I remember how, as a child, I felt like November and December were the most tedious months of the year. From the moment I stuffed my Halloween costume in the back of my closet, the countdown would begin.
Christmas was coming.
The time leading up to December 25 was intense for me as I waited for Christmas to come. The days progressed at the pace of molasses, and I felt like the harder I waited, the slower the moments went by.
Still, I look back on those days with fondness because now, as an adult, I see how my anxious childhood anticipation of Christmas maps onto my adult understanding of what it actually means to wait.
There is a sacredness to waiting, to be suspended in an unresolved holding pattern. This is that liminal space wherein I must truly reside and proactively engage with faith. Each year during Advent, I must trust that just as God prepared a humble place for Mary to give birth to our Savior, God is making a place for us as well.
The waiting of Advent is not passive. It’s teeming with promise and quiet preparation.
I love the symbolic, spacious language of John’s gospel:
The light shines in the darkness,
and the darkness
did not overcome it.
I’m a word person, so I notice how the first clause of John 1:5 is presented in the present tense – the light shines – and how the second clause is presented in the past tense – darkness did not overcome it. As I occupy this uncertain time of waiting, I find peace in the unwavering light that still shines today. The Light is eternal.
My anxiety, worry, and – if I’m being completely honest – hopelessness feel so imminent during periods of waiting and transition. Do you ever feel this way during this season of Advent? Our American culture tends to ignore Advent and moves directly into the wholesale joy of Christmas. We don’t often leave space for anything other than saccharine bliss during the winter holiday season, despite the fact that we’re confronted with injustice, grief, and vitriol each day.
I wonder how Mary felt as she waited for our Savior to be born.
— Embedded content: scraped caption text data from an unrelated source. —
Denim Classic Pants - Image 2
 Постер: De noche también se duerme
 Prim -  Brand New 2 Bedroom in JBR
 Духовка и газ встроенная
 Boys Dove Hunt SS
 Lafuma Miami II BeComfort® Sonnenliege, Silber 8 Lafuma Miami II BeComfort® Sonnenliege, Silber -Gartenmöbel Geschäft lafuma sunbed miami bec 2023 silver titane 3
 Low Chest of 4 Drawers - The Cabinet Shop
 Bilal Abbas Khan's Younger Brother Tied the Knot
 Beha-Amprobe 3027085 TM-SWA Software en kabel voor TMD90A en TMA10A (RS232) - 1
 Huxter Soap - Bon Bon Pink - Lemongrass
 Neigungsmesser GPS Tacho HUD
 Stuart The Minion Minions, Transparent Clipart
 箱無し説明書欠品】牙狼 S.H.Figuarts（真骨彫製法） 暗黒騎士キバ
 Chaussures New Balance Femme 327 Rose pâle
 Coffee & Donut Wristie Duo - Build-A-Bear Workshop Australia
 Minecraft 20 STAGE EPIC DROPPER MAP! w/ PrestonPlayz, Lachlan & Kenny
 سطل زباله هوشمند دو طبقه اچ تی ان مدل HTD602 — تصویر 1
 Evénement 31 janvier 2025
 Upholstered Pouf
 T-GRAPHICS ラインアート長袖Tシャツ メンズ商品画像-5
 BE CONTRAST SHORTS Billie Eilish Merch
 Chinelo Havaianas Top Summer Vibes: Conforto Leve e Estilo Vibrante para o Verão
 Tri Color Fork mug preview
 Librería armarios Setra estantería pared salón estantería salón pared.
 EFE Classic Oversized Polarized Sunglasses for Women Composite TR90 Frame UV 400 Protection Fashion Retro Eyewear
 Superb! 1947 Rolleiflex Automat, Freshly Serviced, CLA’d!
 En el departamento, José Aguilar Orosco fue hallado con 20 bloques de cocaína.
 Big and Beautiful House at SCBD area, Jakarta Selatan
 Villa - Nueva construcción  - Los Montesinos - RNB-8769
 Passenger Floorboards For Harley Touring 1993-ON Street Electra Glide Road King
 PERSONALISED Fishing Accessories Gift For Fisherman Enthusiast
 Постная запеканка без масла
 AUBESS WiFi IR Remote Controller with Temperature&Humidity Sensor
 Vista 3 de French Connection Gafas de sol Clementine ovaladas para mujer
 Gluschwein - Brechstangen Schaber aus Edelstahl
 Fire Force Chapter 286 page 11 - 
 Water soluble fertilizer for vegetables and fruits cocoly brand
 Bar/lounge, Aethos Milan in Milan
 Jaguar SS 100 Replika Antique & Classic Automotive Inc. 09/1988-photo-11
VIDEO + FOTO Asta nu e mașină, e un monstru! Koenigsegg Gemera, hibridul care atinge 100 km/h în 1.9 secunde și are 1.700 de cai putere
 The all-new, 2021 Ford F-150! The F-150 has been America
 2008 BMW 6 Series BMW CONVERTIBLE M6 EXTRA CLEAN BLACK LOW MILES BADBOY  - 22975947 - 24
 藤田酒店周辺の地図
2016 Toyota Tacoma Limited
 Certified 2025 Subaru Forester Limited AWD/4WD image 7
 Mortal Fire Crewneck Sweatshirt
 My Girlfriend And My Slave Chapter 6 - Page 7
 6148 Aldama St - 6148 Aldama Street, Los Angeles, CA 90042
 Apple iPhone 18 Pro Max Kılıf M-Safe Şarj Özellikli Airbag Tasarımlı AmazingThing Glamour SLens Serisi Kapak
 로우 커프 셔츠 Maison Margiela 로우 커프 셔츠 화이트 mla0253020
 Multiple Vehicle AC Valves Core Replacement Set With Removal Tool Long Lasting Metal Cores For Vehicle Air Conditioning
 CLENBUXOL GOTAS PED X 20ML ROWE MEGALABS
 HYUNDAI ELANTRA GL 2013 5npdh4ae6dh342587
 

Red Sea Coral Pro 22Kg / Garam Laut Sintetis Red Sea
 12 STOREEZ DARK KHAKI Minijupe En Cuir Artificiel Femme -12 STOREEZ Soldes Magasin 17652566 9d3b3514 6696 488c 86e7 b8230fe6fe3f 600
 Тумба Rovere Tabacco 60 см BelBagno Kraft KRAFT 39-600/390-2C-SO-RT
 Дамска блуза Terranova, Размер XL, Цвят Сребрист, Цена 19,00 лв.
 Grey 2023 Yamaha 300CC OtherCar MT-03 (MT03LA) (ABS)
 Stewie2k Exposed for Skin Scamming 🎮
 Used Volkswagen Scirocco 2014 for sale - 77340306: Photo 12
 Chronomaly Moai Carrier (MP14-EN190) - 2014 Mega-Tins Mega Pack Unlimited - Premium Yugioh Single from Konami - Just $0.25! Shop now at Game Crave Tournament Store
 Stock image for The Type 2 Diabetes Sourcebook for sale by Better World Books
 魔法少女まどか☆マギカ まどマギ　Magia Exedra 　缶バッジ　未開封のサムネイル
Surely that time for her was one of both great joy and anxiety. These two emotions are not mutually exclusive. We can hold them both. Perhaps, in naming that tension between joy and anxiety, we can develop greater empathy for the full, beautiful spectrum of humanity Jesus came to save.
I have a graphic tee shirt I bought a few years ago from a Memphis-based artist at a popup market. It’s an army green tee sporting a simple black design of a magnolia blossom and the text Waiting, Not Wilting. If you saw it, you probably wouldn’t think of it as a seasonal item of clothing like intentionally ugly Christmas sweaters or fleece pajamas adorned with snowflakes and reindeer. But it’s my Advent shirt. I wear it and remember that Christmas is coming, that Christ came two thousand years ago and never really left.
The discomfort we experience during the waiting period is already resolved by our Savior.